Return ratios now even more starkly in favour of ICICI Bank compared to HDFC Bank
ICICI Bank’s RoA profile is at 2.2%, which is much superior to HDFCBank’s.
- Nomura has said that the sharp uptick in NPAs in HDFC Ltd’s corporate loan book is a negative surprise.
- Motilal Oswal says HDFC Bank took higher general and contingent provisions at ₹3,900 crore and specific NPA provisions of ₹3,800 crore to maintain the strength of the merged entity’s balance sheet.
Shares of HDFC Bank have corrected from ₹1,661 on September 15 to ₹1,537 per share after the bank broke some bad news to analysts last week. To keep matters simple, there’s the first big takeaway – the returns ratios are now even more starkly in favour of ICICI Bank. There are several negatives that will impact the bank’s financial ratios, following the merger with HDFC Limited.
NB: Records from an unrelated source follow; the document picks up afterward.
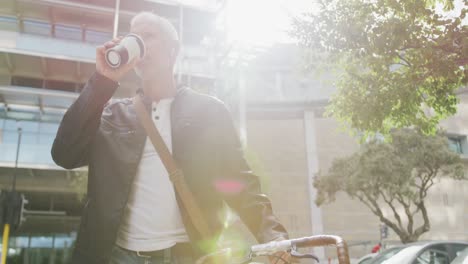 caucasian man out and about in the city street drinking a coffee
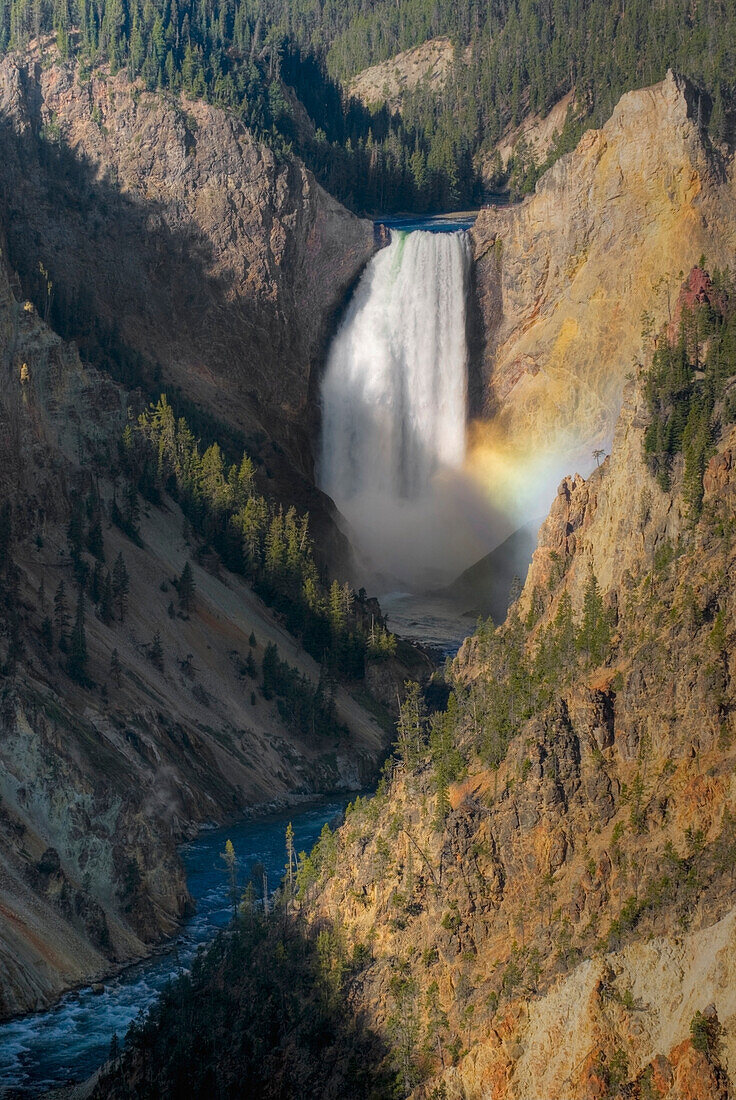 Waterfall From A Mountain And A River Below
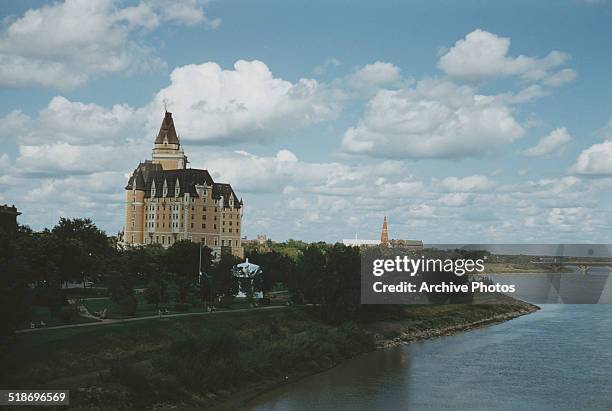 Kiwanis Park and the Bessborough Hotel on the South Saskatchewan River in Saskatoon, Saskatchewan, Canada, circa 1960.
For starters, the return on assets for the merged bank in 1QFY24 on a pro-forma basis is 1.9-2% compared with 2.1% for the standalone bank, says Yes Securities.
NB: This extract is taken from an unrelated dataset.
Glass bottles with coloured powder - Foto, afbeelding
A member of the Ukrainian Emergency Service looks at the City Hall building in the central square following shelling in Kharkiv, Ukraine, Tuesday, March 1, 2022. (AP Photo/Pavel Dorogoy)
Analysts have cut earnings per share estimates of the bank, following the details the management shared. Nomura has cut EPS estimates by 5-9% over the FY24-25. This in turn will depress medium term RoA profile further 1.7-1.8% over FY24-26. In contrast, ICICI Bank’s RoA profile is at 2.2%, which is much superior to HDFC Bank’s. Analysts say that the RoA gap between the RoA profile of both banks is even starker now. In addition, due to the increase in liquidity post the merger, the bank’s net interest margin will also decline by 25-35 basis points. It will take 2-4 quarters to bring down the extra liquidity.
There are other negatives too for HDFC Bank, after the merger. The adjustment to the bank’s net worth after the merger will have a negative 4% impact over FY24 on the book value per share (BVPS). What will also negatively impact the bank’s overall ratios is the bad loan book of HDFC. Nomura has said that the sharp uptick in NPAs in HDFC Ltd’s corporate loan book is a negative surprise. Not surprising that the Japanese investment bank has downgraded the stock to neutral and cut target price by 9% to ₹1,800 (from Rs 1,970). “While we fully appreciate the strength of the franchise, we struggle to see upside over the next 12 months on the back of RoA and loan growth pressures.”
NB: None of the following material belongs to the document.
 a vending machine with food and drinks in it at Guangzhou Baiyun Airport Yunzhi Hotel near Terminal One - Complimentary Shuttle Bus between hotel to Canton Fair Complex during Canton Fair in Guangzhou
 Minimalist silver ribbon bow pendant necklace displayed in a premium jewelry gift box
The rise in the ratio of non-performing assets (NPA), following the merger, is also a key negative. After the merger has become effective from 1 July, HDFC Bank’s gross NPA ratio will rise to 1.4% from 1.2% before the merger, while net NPA ratio will rise from 0.3% to 0.4% (0.37%). As a consequence, the bank’s provision coverage ratio will decline from 75% to 74%. Contingent and floating provisions will remain stable at 0.7%. Total provisions have risen from 2.0% to 2.2% of advances.
HDFC Bank’s CEO Sashidhar Jagdishan has explained this deterioration in bad loan ratios to analysts. In an interaction with Motilal Oswal Financial Services, Jagdishan has said that the bank took higher general and contingent provisions at Rs 3900 crore and specific NPA provisions of Rs 3800 crore to maintain the strength of the merged entity’s balance sheet. These additional provisions do not reflect any change in the underlying asset quality, say analysts.
Additionally, HDFC Bank is looking to double the balance sheet in four years and believes that the loan growth momentum will sustain. Aggressive branch mobilisation will also help in garnering more low cost deposits. HDFC Bank’s top brass believes that the new branches are on track to meet business goals. The 500 branches of HDFC Limited will also be scaled up over the next one year.